The reasons why the rite of S Pius V - the traditional or Tridentine rite - and the Anglican Prayer Books are not quite in sync', is twofold. (1) The first Mass in the series for the 'green' Sundays was used differently in different places. Pius V inherited a tradition which used it on the weekdays after Trinity Sunday. The English medieval usage which the Prayer Book inherited and perpetuated used it on the first Sunday after Trinity and the weekdays which followed that Sunday. Hence, English custom puts all the Masses one week later than the Pian custom: the Mass of Trinity V, for example, is the Mass for Pentecost V (a Sunday after Trinity comes obviously a week later than the Sunday with the same number after Pentecost because Trinity is a week later than Pentecost).
(2) The English medieval missals used, on TrinityIII, an ancient Roman collect (which had its secret and postcommunion attached to it) which had dropped out of the books used by the revisers of Pius V. And on Trinity IV they used an ancient Roman Gospel which did not make it into the Pian Missal.
So on and after TrinityV, the Prayer Book is a week later than the Tridentine Missal as regards most of the Mass, but two weeks behind with regard to the Prayers and Gospels. If you are still reading this, apply for your £1m reward. (There are one or two disruptions as regards the graduals, but, O gawd, let's not go into that.)
So if you want to use a Tridentine Missal but keep in sync' with what your Prayer Book fellow Anglicans are doing, not to mention, of course, the pre-reformation English missals, you have otch about a bit in the book.
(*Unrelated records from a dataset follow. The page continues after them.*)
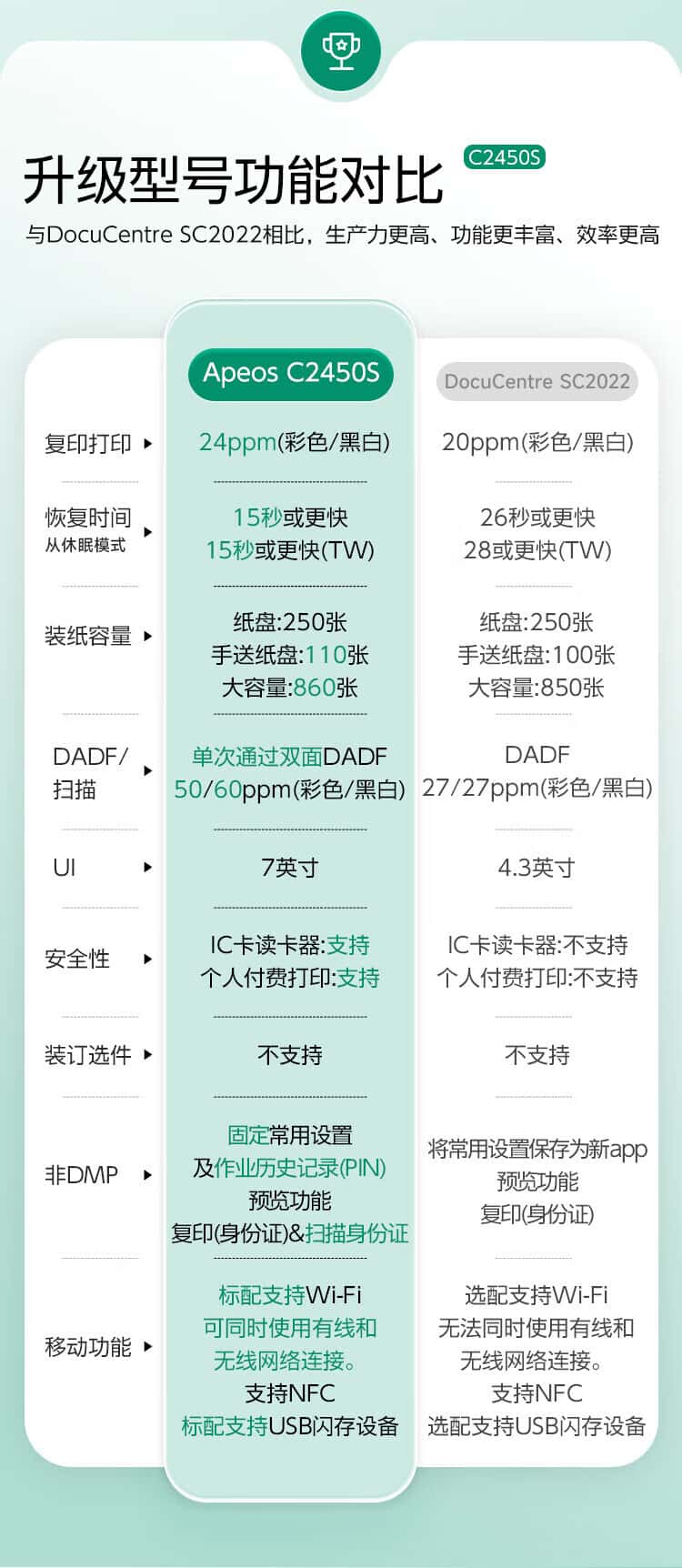 西安富士施乐c2450s彩机|西安富士施乐复印机|西安富士施乐打印机|西安富士施乐|富士施乐复印机|富士施乐|西安施乐|富士施乐售后电话|FUJIFILM|西安复印机维修|西安富士施乐复印机维修|西安富士施乐维修中心|富士施乐官网|西安富士施乐碳粉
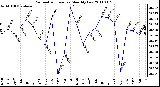 Milwaukee Weather Barometric Pressure Monthly Low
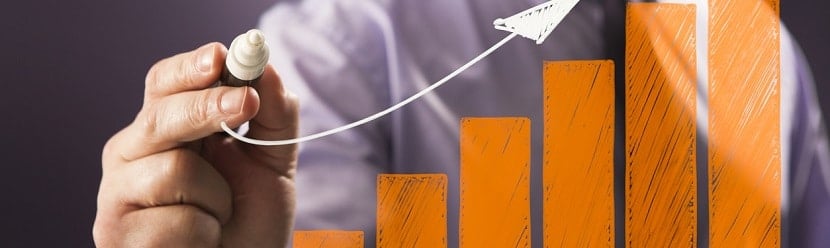 Croissance économique des entreprises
Things are, incidentally, a bit easier if you say the Sunday Office from a Tridentine Breviary; on and after Trinity V all you need to do is to use the collect, third nocturn readings, and the antiphons for the Benedictus and Magnificat, according to this formula: Trinity x = Pentecost x-1.
Anglican revisers in 1980 abandoned the ancient series of collects but around 2000 adopted a series which included many of the old collects on their old (Prayer Book) Sundays. The post-conciliar Roman Rite retains a fair number of the old collects but higglety pigglety, according to an enumeration 'per annum' rather than 'post Pentecosten', and (at the moment in Anglophone countries) in 'translations' which render them unrecognisable.